It all started in late August when, embroiled in a string of legal hassles, some major and some routine, Chhabria decided that enough was enough and, through the reliable mutual friend, approached Mallya to sort out the pending legal issues. “I proposed we should meet and settle it. It was not that my business was being affected, but there were some wrong perceptions among some investors about my company,” Chhabria, 59, says. With Kingfisher Airlines eroding his brand equity with each passing day, Mallya, too, might have been eager to settle outstanding issues with a rival against whom he was not making much headway on the legal front.
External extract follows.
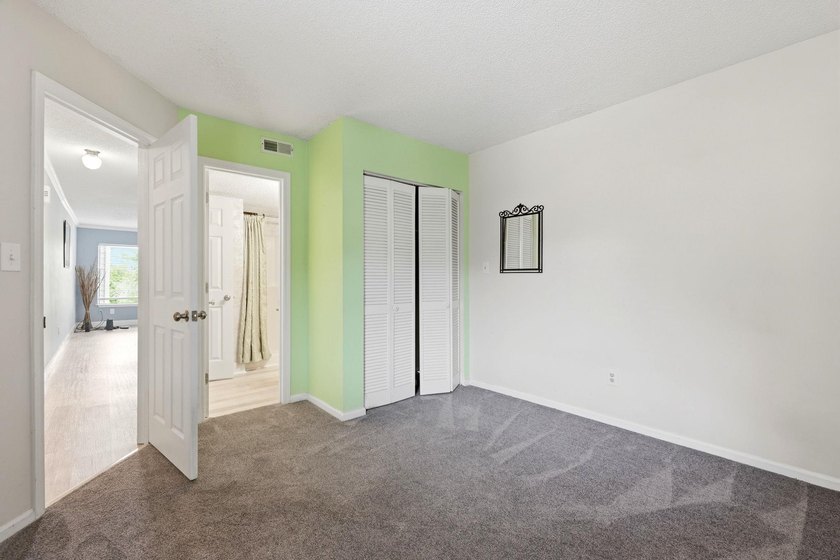 Welcome to Golf Glenn Villas! This inviting 2 bedroom, 2 bath - photo 8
Mallya was also considering offloading a strategic stake in United Spirits to Diageo, and his keenness to untangle a few legal knots was more than evident. Mallya, on his part, has not yet shared his perspective on ending the issues with Chhabria.
Chhabria and Mallya met at the residence of the mutual friend, a prominent citizen of Mumbai. Among the three of them, a landmark agreement was drawn up to call off all issues hanging fire for over two decades. “We hold this common friend of ours in high respect and he as well impressed upon us that it was time to settle issues,” Chhabria says, explaining how the settlement was arrived at. A few hours into the discussion, all issues between the two liquor tycoons were settled. Chhabria agreed to pay a token sum of Rs 8 crore to Vijay Mallya to end the stand-off, thus freeing each of them to chart out his future strategic plans.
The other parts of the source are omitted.